The NY Times has published a neat article about NYU’s new urban “Big Data” center.  The gist of the article is that urban quality of life can be improved by the quants crunching the data on things such as the spatial and temporal distribution of 311 Noise calls in NYC.

“The initiative at N.Y.U. is part of a broader trend: the global drive to apply modern sensor, computing and data-sifting technologies to urban environments, in what has become known as “smart city” technology. The goals are big gains in efficiency and quality of life by using digital technology to better manage traffic and curb the consumption of water and electricity, for example. By some estimates, water and electricity use can be cut by 30 to 50 percent over the course of a decade.”

This last sentence is false.  “Big data” is a necessary but not a sufficient condition for conservation and better use of urban scarce resources.  I am a 100% fan of having better outcome variables (i.e Y from basic statistics) such as local air pollution, household energy consumption, and noise levels at a given street on a given day but such information alone does not establish cause and effect.  Big data needs to be supplemented with field experiments to have random interventions such as introducing time of day electricity pricing to raise the price of a KWh at peak use times to protect the grid from overload.   Big Data allows for better measurement but the social scientists can only establish cause and effect if specific interventions are known to have been implemented (i.e a ban on traffic near the UN when Castro is in town).

I have been working on this issue in my work using electric utility data by household/month.  We can only make progress establishing cause and effect if we know something about the households.    In the typical “Big Data” electric utility data set, the only thing the researcher knows is the zip code where the household lives and the year and month when the electricy consumption took place.  Is such “big data” (there are millions of these records) sufficient to establish how to increase conservation?  No!!
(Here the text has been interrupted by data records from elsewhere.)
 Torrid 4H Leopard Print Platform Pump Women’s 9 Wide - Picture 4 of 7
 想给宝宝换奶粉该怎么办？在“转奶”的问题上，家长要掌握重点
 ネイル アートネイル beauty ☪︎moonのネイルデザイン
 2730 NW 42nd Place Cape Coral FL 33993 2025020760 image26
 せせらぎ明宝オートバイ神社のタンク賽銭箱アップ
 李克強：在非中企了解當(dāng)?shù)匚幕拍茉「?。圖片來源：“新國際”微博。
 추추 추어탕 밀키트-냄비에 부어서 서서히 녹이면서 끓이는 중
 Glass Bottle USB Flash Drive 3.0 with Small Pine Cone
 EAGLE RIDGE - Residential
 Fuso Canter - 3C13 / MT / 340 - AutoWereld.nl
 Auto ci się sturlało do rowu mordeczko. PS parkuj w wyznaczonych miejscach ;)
To achieve 30 to 50% reductions in water and electricity will require introducing serious economic incentives for conservation.  The article does not mention the word incentive anywhere in the article, instead it focuses on sociological nudges.  That’s a good start but such social “keeping up with the Jones” incentives are not sufficient to achieve the aggressive 30% reduction.  Engineers need to play nice with the economists and vice-versa.  There are gains to trade here!